I heard Google BigQuery is good. It is completely SaaS (like AWS Athena that works).
Unicorns often run their own stack and you could replicate that, if you have the apetite. Netflix and Apple run Trino + Spark on k8s + Iceberg. Uber used their own Hudi thing, not sure if they still do.
"Databricks is an enterprise software company founded by the creators of Apache Spark. [...] Databricks develops a web-based platform for working with Spark, that provides automated cluster management and IPython-style notebooks."
Clickhouse is good if you're building application. It has lot of great features and incredible performance, but there's an expectancy that people using it know what they're doing and can work around its limitations (like limited support for joins and sql in general).
Something like Snowflake works much better when you're building a platform that you can give to two hundred data analysts or various skills spread over fifty teams, so they can build their own stuff. The nice UI, broad feature set (materialized views, time travel, automatic backups, superfast scaling up and down, ...) and general just-work-iness makes it nice for that, but you're going to pay for the privilege.
Databricks is somewhere in the middle - things are way less polished, features don't always work and you still have to figure out things like backups and partitions on S3 on your own, but some people like that. Expect to also pay a pretty penny for hundreds of Spark clusters nobody knows who uses.
When was the last time you used Databricks? You should definitely try it again. Their product offering has improved a lot in the past few years.
> broad feature set
My experience is that the feature sets of Snowflake and Databricks are very similar. Both have time travel support. Snowflake has materialized views, but Databricks has Delta Live Tables. Databricks has a distributed Pandas API, but Snowflake recently introduced Snowpark. Databricks also has autoscaling and they recently launched a serverless offering that makes autoscaling super fast aswell.
Snowflake has much more advanced data security - table, column, and row level security and dynamic data masking policies. The zero-copy cloning is also pretty useful for CI/CD (pretty much the one practical way to do blue-green deployment for data application).
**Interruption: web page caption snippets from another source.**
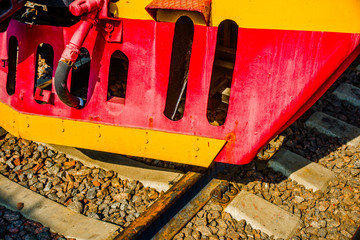 Cowcatcher of a vintage diesel engine locomotive painted red and yellow. Rusty rails. The history of railway transport.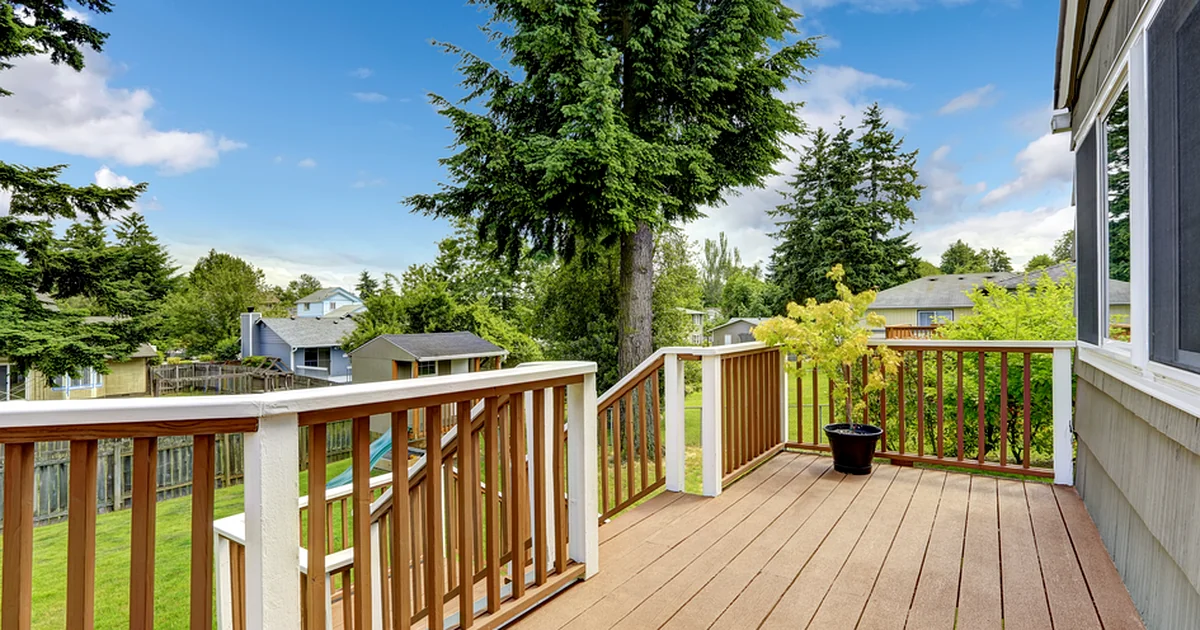 lincoln ne spacious composite deck with professional wood railing overlooking lush backyard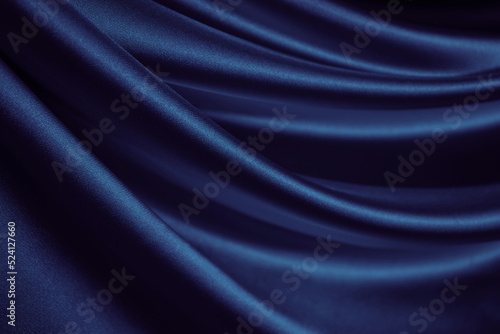 Black blue silk satin. Dark elegant background with space for design. Soft folds. Wavy. Shiny smooth fabric. Luxurious. Valentine, 14.02, Christmas, New year, festive.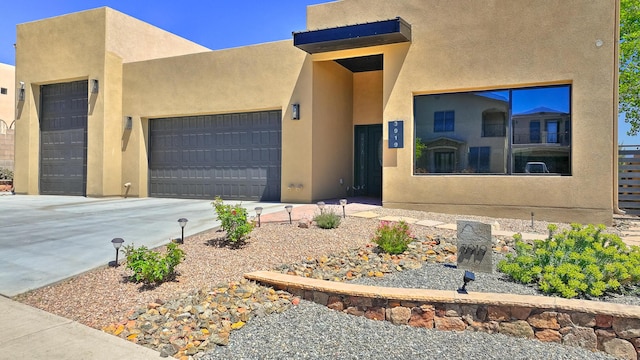 3919 Bryan Ave NW, Albuquerque, NM 87114 - pueblo-style house with a garage, stucco siding, and concrete driveway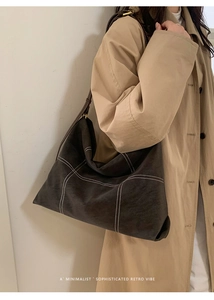 Detail of grey hobo bag with white contrast stitching and minimalist retro vibe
Databricks has some interesting features (we were originally interested in it as "nice UI" for our AWS data lake for citizen data scientists - using it for industrialized processing was price impractical compared to AWS Glue) but the security seems lacking - it goes just table level and only in SQL and Spark, with R you can't have security at all.
I really liked the Databricks UI and integrated visualizations, though, that's where they are better than Snowflake I think. Of course, they gained those by buying open source Redash.io and ending it.
The part that ended our PoC with them was when they gave us a price quote for expected number of users, the management was like "ok that sounds reasonable" until I told them that's just license and does not include EC2 costs - the real cost would be at least twice. That made everyone angry.
* Apples and oranges: Clickhouse is a query engine while Databricks is a SaaS product/company. Apache Spark could be compared to Clickhouse, Databricks to clickhouse.com/company. The latter is barely a couple months old.
* Databricks pivoted from analytics to ML and it's not just marketing. Clickhouse is all about OLAP use cases.
* Clickhouse competes with Druid/Pinot/Timescale, Spark competes with Flink.
Aside from the Azure/GCP/AWS internal offeringa I know about Snowflake and Firebolt, Databricks is new to me.